__TASK INPUTS__.

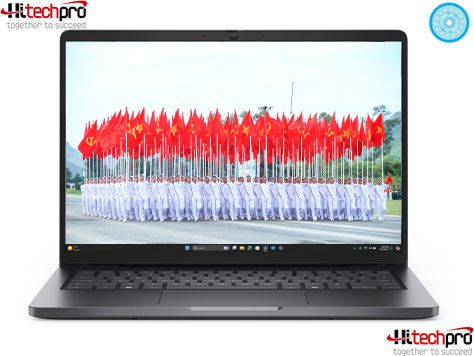 DELL PRO 14 PC14255 | AMD RYZEN™ 5 PRO 220 | 8GB DDR5 RAM | 512GB SSD | 14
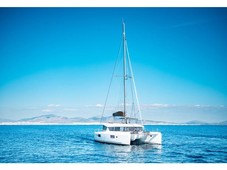 2016 lagoon 42 sailboat for sale in outside united states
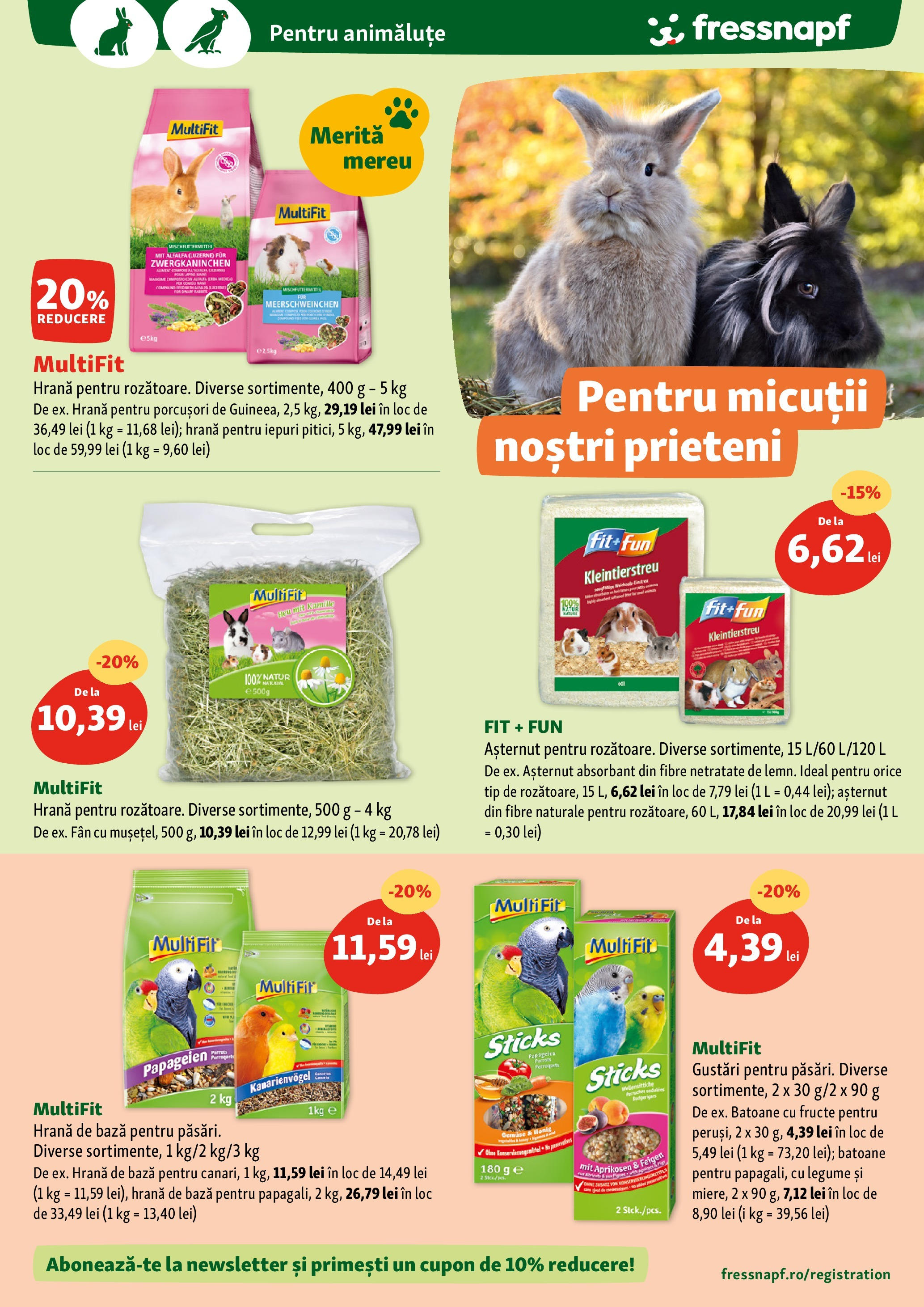 Catalog Fressnapf || Oferte de la 11.09.2025 | Pagină: 17 | Produse: Legume, Fructe Catalog Fressnapf - Oferta 11.09.2025 - 24.09.2025 | Pagină: 17 | Produse: Legume, Fructe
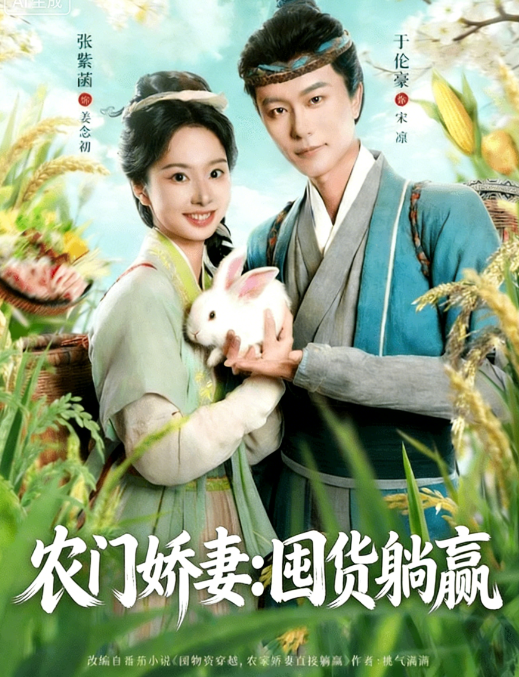 農門嬌妻：囤貨躺贏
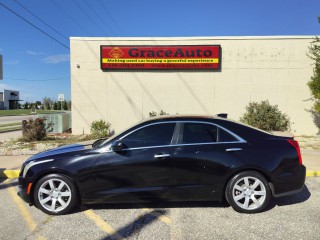 Image for 2016 Cadillac ATS  ID: 7472145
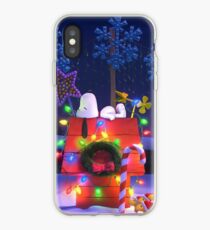 Merry Christmas iPhone Case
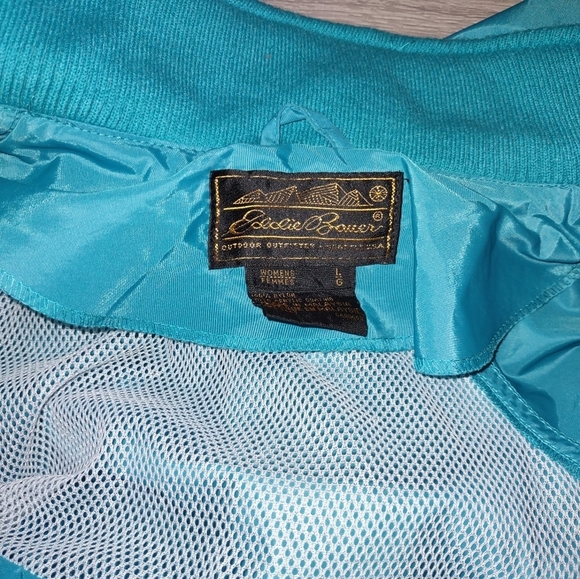 EDDIE Bauer rain jacket - Picture 5 of 5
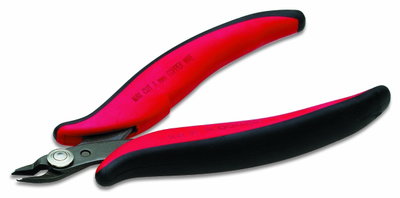 Mikro-Elektronik-Seitenschneider bis 1,0mm Durchmesser, 21°, Länge 129mm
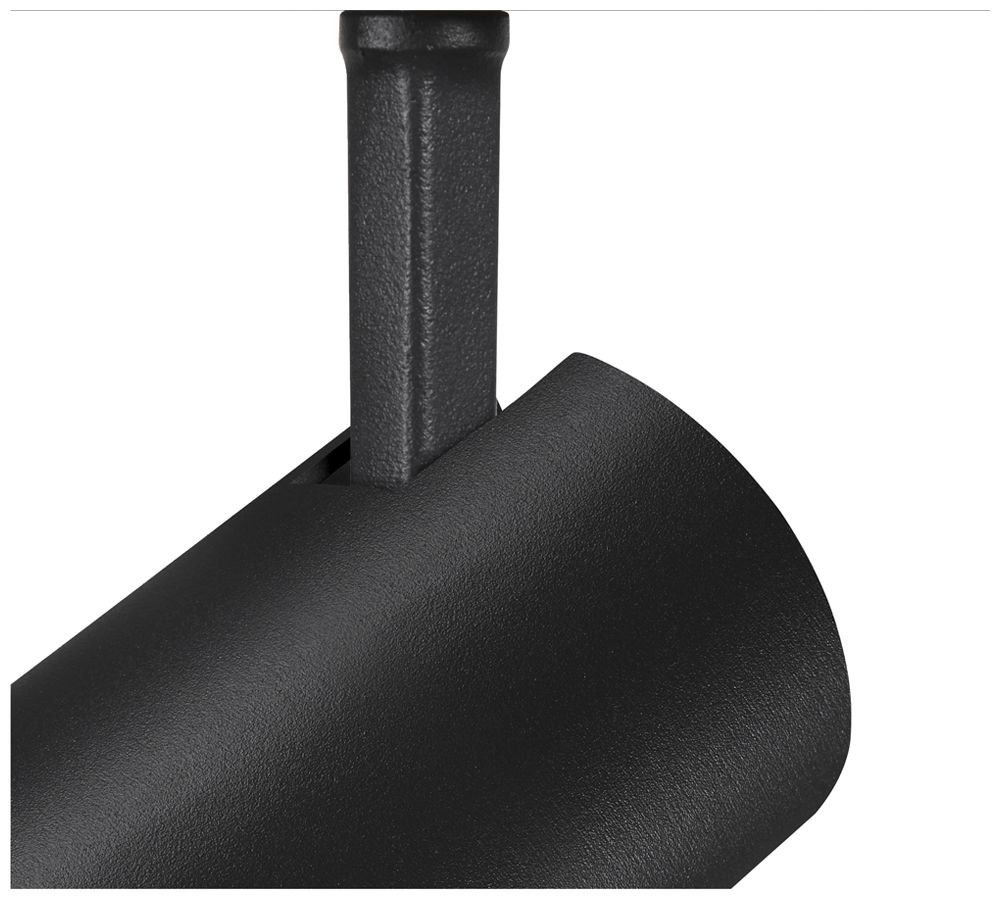 Spot LED SLV NUMINOS XS 1×8.7W 740lm 940 55° DALI 48V AD Ø50mm noir/blanc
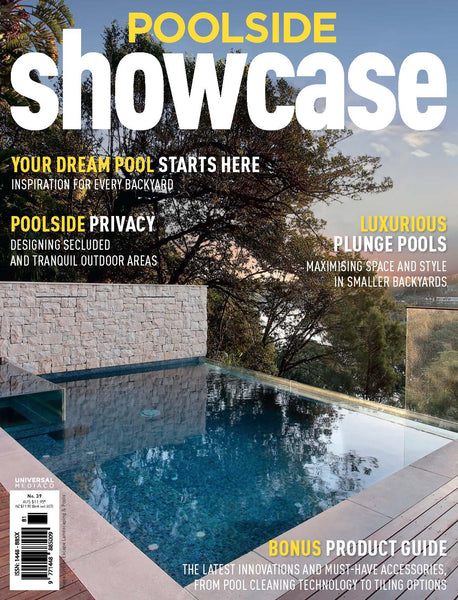 Poolside Showcase Magazine Issue 39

__WORK REQUEST__. Nothing but the lines from the one with "Catalog Fressnapf ||" to the one with "Mikro-Elektronik-Seitenschneider bis 1,0mm" above, both included, should be transcribed, exactly and without pictures.

__WRITTEN RESPONSE__.
 Catalog Fressnapf || Oferte de la 11.09.2025 | Pagină: 17 | Produse: Legume, Fructe Catalog Fressnapf - Oferta 11.09.2025 - 24.09.2025 | Pagină: 17 | Produse: Legume, Fructe
 農門嬌妻：囤貨躺贏
 Image for 2016 Cadillac ATS  ID: 7472145
 Merry Christmas iPhone Case
 EDDIE Bauer rain jacket - Picture 5 of 5
 Mikro-Elektronik-Seitenschneider bis 1,0mm Durchmesser, 21°, Länge 129mm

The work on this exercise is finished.